Odyssee
Heute lief es nicht ganz so gut. Wir sind gegen 11 Uhr vom See in Richtung Süden gestartet, um eine Stunde später in Drawno in der Nähe eines Nationalparks auf dem Campingplatz Mittag zu essen. Mattis könnte dann im Camper Mittagsschlaf halten, während die Kinder im See baden.
Wir kommen pünklich zum Mittag auf dem Campingplatz an.
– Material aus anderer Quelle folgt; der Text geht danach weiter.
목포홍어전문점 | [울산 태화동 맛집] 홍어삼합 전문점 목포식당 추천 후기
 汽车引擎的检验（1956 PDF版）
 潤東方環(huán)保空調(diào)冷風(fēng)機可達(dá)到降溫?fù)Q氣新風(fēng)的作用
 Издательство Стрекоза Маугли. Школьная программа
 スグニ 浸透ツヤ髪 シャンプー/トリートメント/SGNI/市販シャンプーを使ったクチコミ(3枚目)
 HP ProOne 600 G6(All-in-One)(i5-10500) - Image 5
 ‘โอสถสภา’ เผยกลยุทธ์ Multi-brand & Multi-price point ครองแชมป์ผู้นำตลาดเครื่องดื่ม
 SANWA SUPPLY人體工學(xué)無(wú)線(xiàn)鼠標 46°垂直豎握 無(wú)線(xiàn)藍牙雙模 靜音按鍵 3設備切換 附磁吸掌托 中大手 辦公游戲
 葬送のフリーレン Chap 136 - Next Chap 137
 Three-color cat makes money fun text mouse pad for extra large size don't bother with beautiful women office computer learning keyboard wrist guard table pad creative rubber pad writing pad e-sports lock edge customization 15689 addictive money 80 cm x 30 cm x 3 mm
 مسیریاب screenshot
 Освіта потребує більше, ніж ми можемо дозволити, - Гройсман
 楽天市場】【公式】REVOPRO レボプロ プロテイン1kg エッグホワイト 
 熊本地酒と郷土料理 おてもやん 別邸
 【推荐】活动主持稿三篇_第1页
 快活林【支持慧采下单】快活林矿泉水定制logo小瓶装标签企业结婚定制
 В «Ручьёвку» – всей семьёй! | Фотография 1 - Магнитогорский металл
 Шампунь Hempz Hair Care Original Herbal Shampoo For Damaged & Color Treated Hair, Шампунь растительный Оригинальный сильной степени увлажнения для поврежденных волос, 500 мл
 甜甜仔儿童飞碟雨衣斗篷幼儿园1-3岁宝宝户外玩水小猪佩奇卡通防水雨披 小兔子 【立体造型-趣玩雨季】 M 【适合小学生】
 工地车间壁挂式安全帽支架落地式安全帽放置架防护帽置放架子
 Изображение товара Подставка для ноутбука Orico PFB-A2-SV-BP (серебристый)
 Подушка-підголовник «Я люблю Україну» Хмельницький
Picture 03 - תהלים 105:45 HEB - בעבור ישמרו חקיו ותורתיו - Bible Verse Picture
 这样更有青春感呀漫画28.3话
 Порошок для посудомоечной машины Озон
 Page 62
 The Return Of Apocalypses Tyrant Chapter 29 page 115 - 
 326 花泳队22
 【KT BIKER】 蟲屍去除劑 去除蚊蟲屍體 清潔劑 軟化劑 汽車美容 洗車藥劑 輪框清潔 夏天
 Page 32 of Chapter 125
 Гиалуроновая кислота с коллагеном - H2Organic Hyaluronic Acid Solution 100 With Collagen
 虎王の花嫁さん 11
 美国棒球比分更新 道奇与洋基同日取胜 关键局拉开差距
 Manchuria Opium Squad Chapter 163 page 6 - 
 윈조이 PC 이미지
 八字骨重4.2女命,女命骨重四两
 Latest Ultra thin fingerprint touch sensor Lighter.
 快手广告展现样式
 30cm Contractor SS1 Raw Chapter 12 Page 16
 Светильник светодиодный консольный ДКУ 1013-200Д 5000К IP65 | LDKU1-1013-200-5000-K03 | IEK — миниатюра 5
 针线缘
Er liegt zwar direkt am See, ist aber mitten in der Stadt, recht laut und voll – und das Restaurant dort hat zu.
Wir suchen auf der Karte ein paar Restaurants in der Nähe und starten noch einmal, um Mittag zu essen. Das Erste ist winzig und hat nur ein Gericht auf der Karte. Alle anderen haben aus verschiedenen Gründen (Montag, Corona, Pleite) geschlossen. Nach zwei Stunden geben wir entnervt auf, kaufen im Supermarkt ein paar Schupfnudeln und kochen selbst.
Als wir wieder starten, ist es 15 Uhr, Mattis schläft sofort im Sitz ein. Wir entscheiden uns, noch ein Stück zu fahren und suchen uns ein paar mögliche Stellplätze unterwegs.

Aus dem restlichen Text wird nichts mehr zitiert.